An overdraft is an option attached to your existing bank account. Overdrafts enable the customer to continue to use the account in the normal way even though its funds have been exhausted. There are limits, and there is no such thing as an unlimited overdraft. The banking will set a limit on how much can be overdrawn.
I know that all of my accounts (business and personal) are attached to $1,000 overdrafts. Even though I never use the overdraft, it’s a good peace of mind. For example, no check in the amount of up to $1,000 can bounce, because overdraft protection exists.
Overdrafts are a convenient form of short-term temporary borrowing, with interest calculated on a daily basis, and its purpose is to assist the customer over a period in which expenditure exceeds income.
Overdrafts are an agreement in advance, between the consumer and the institution. Typically overdrafts are an inexpensive way for of borrowing short term. Borrowers will pay a set interest rate, and typically a charge of $5.00 per overdraft. So, for example if the borrower withdraws $100 today, and $100 tomorrow, they will pay $10 fee in overdraft ($5/day) and the agreed interest rate (revolving) on the $200 until it’s paid back in full.
Credit cards are a source of revolving credit. The borrower has a credit limit and can use the credut card for purchases or other transactions up to the limited amount.
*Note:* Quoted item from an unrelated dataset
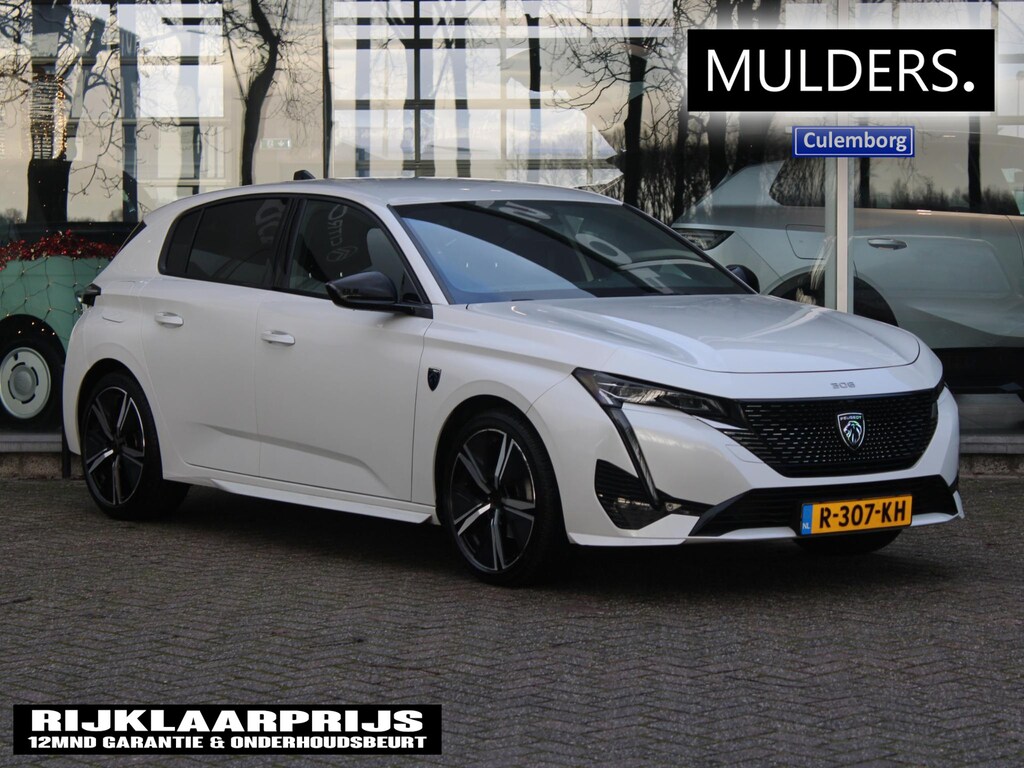 Peugeot 308 1.2 PT 130 GT | Automaat | 360° Camera / Navi / Trekhaak / Climate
Credit card interest rates vary, yet most credit cards from banking institutions are associated with 19.99% interest rates. Store credit cards such as from The Brick or Leons, are associated with atrocious interest rates that typically vary from 24.99% – 29.99%.
The borrowers receive a monthly statement, detailing recent transactions and showing the outstanding balance. There is a grace period, typically up to 21 days to repay the borrowed amount at no interest charged.
If the borrower fails to pay the amount in full, the remaining balance is carried forward. One thing to note is that the borrower is charged interest at the initial amount borrowed, and not on the decreasing balance.
Credit cards are an expensive way to borrow, with interest rates considerably higher than most other lending products. Additional charges exist to credit card holders, if the card is used to withdraw cash (in store) or through an ATM.
People end up in trouble either due to their own foolishness or reasons beyond their control. Life deals us unexpected card, and we must obtain credit to survive. Borrowing money is unfortunately sometimes the only option left to get over the hurdle.
Some of the borrowing options above are better than others. Some are down right criminal, yet that’s what the cost of borrowing is sometime.
Whenever money is borrowed, the borrower should always work out how much money they actually need. Why take out a $5,000 personal loan, if you only need $2,000? Foolish strategy, that could lead to the road of debt.
Make a wise choice, shop around, and don’t be afraid to walk away.